• Work instructions
Once the line with "New Bee Hive" is found in the entries below, repeat it and each following line exactly, up to and including the line with "Toyota RAV4 /". Add no other lines.

• The input
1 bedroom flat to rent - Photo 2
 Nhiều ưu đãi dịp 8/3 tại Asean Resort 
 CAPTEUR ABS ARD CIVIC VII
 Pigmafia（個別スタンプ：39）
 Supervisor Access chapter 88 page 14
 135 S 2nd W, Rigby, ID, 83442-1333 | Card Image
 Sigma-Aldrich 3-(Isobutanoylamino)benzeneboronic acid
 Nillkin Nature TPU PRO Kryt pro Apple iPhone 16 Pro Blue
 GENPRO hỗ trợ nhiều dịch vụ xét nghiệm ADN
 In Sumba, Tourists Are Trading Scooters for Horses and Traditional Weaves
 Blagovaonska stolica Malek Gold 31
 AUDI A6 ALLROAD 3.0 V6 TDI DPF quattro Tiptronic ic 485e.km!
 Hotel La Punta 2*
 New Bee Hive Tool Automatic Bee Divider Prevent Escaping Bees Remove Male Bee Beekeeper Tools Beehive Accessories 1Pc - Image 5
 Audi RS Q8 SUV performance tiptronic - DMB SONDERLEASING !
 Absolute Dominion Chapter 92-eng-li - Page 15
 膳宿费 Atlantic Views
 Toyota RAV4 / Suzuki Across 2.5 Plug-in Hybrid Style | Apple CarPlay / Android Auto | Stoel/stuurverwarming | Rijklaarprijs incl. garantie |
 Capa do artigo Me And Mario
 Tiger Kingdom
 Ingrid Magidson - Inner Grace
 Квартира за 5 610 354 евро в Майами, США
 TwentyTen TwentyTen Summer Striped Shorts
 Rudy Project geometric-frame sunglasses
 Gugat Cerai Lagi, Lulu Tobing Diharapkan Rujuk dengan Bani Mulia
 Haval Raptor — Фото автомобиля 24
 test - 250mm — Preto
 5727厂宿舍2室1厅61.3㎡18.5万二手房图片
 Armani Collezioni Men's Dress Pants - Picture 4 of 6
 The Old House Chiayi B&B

• Completed task
 New Bee Hive Tool Automatic Bee Divider Prevent Escaping Bees Remove Male Bee Beekeeper Tools Beehive Accessories 1Pc - Image 5
 Audi RS Q8 SUV performance tiptronic - DMB SONDERLEASING !
 Absolute Dominion Chapter 92-eng-li - Page 15
 膳宿费 Atlantic Views
 Toyota RAV4 / Suzuki Across 2.5 Plug-in Hybrid Style | Apple CarPlay / Android Auto | Stoel/stuurverwarming | Rijklaarprijs incl. garantie |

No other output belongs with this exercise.